Before Ayatollah Ali Hosseini Khamenei set out to conquer the Sunni Arab world in 1989, there were self-imposed rules that set real limits to Arab-Israeli warfare. In all the conflict between Israel and Arab states since May 1948, the world witnessed violence, saw civilians murdered, and heard countless expressions of hatred. But all that sound and fury obscured the rules that each side observed unilaterally.

At no point did Israel ever try to assassinate an Arab political leader, nor did any Arab state seek to kill an Israeli leader. Several Arab leaders were killed by fellow Arabs, and Israel lost one prime minister to a Jewish fanatic and a minister to a lone-wolf Palestinian assassin — but the prohibition of state assassinations was strictly observed.

Prisoners were also protected. In the 1948 war, both the Egyptian army and Jordan’s British-officered Arab Legion captured Jewish fighters of both sexes. These captives received Geneva convention treatment. They weren’t tortured, murdered, violated, or held as hostages to extract political concessions — as Hamas is currently doing and Hezbollah did in the past.

Similar restraint was practised by the Israeli army on a much larger scale in 1967 with its many thousands of Egyptian and Jordanian prisoners. Then, in 1973, when the Egyptian army captured Israeli prisoners along the Suez Canal, they were treated humanely. Afterwards, prisoners were swiftly exchanged with neither side seeking political concessions. The Syrian army, itself in perpetual and murderous internal strife, killed some of the few Israelis it captured in the 1973 war, abused more of them, and would not return them without extracting concessions. But this was very much the exception to Arab state norms.

“The October 7 attacks changed the rules.”

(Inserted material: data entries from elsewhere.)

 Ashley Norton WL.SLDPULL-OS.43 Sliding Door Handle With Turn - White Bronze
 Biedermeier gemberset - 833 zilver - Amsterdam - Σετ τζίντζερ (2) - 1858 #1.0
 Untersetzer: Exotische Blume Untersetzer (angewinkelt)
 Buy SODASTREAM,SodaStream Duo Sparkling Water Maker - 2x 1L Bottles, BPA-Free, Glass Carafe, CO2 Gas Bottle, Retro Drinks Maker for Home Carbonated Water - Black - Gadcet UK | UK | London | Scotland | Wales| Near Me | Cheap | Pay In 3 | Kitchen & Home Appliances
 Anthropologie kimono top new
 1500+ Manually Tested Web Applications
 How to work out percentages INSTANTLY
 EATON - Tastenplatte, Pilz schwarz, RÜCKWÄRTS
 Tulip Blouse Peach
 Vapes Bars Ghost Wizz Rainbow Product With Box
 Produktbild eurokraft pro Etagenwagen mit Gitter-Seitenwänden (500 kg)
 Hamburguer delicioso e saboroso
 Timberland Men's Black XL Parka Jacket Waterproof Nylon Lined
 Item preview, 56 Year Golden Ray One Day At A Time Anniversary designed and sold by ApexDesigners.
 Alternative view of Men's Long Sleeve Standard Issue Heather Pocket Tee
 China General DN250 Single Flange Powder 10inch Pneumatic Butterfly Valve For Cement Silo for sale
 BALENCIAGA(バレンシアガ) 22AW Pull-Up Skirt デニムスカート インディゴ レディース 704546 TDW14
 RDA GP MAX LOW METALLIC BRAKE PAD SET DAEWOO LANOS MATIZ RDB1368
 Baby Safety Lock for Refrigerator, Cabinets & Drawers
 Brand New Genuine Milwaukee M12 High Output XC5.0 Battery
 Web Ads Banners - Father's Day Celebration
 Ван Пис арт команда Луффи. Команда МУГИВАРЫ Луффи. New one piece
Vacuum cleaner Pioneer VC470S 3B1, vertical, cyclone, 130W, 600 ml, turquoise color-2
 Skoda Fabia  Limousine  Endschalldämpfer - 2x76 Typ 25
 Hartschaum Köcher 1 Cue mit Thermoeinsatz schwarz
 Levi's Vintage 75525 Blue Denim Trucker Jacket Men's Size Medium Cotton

All this changed when Iran’s Shia and Persian theocracy arrived on the scene in the early Eighties, very deliberately outdoing all Arab states in hostility to Israel — with total destruction its declared aim. Though refraining from directly targeting Israel, the regime funded and armed all its enemies from Lebanon to Yemen on an ever larger scale. Hezbollah received billions of dollars in armaments and salaries; as did Yemen’s Houthis, who have spent the past year attacking shipping in the Red Sea and launching ballistic missiles at Israel. In Iraq, the Shia Kataeb militia is also armed and directed by Iran.

The October 7 attacks changed the rules. And in April, Iran attacked Israel directly for the first time, by launching cruise missiles, armed drones and ballistic missiles, each the size of a tanker truck. With that first ever direct attack, Ayatollah Khamenei had crossed a major red line — but Israel’s unique ballistic missile defences intercepted almost all the ballistic missiles that might have caused any real damage. Israel’s retaliation was limited, sending a single attack drone that did destroy its target, an anti-aircraft missile launcher near a nuclear site. Was Israel’s restraint misunderstood as weakness? Iran doubled down on October 1 this year with a much larger missile barrage after the assassination of Hamas commander Ismaile Haniyeh in Tehran.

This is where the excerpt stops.